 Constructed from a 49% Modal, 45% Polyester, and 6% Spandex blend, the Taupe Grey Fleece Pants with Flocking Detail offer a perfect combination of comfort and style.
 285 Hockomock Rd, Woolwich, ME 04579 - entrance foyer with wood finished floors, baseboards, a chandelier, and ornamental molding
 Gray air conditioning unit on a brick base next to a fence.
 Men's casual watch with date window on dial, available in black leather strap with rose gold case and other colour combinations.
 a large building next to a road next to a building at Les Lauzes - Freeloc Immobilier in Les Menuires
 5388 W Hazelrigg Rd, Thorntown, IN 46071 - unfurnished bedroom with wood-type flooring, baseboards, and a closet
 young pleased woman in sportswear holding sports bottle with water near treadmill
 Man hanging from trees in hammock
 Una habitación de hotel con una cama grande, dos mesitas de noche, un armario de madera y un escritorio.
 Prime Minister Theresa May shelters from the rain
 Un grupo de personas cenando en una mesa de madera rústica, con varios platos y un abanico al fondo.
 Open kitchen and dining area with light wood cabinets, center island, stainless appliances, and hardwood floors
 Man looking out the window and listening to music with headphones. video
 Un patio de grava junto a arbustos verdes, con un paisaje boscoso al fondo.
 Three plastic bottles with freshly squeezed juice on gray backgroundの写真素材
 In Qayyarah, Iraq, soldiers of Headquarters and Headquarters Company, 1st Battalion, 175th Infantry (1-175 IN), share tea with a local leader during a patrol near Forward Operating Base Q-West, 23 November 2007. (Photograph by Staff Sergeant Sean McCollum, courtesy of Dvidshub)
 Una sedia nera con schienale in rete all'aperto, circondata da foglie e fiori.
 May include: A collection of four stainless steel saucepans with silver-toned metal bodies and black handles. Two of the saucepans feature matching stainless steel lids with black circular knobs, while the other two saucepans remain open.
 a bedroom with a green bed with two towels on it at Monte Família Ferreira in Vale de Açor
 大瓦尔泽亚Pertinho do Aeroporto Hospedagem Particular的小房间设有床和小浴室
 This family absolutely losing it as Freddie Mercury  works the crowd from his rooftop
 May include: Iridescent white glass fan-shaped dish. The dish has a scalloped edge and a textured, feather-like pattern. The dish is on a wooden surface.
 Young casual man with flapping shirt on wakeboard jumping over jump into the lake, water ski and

+ + + + +

:: ASSIGNMENT ::
The stopping point is the line containing "5388 W Hazelrigg". Reproduce exactly every line of the material from the first through that one.

:: SOLVED PROBLEM ::
 Constructed from a 49% Modal, 45% Polyester, and 6% Spandex blend, the Taupe Grey Fleece Pants with Flocking Detail offer a perfect combination of comfort and style.
 285 Hockomock Rd, Woolwich, ME 04579 - entrance foyer with wood finished floors, baseboards, a chandelier, and ornamental molding
 Gray air conditioning unit on a brick base next to a fence.
 Men's casual watch with date window on dial, available in black leather strap with rose gold case and other colour combinations.
 a large building next to a road next to a building at Les Lauzes - Freeloc Immobilier in Les Menuires
 5388 W Hazelrigg Rd, Thorntown, IN 46071 - unfurnished bedroom with wood-type flooring, baseboards, and a closet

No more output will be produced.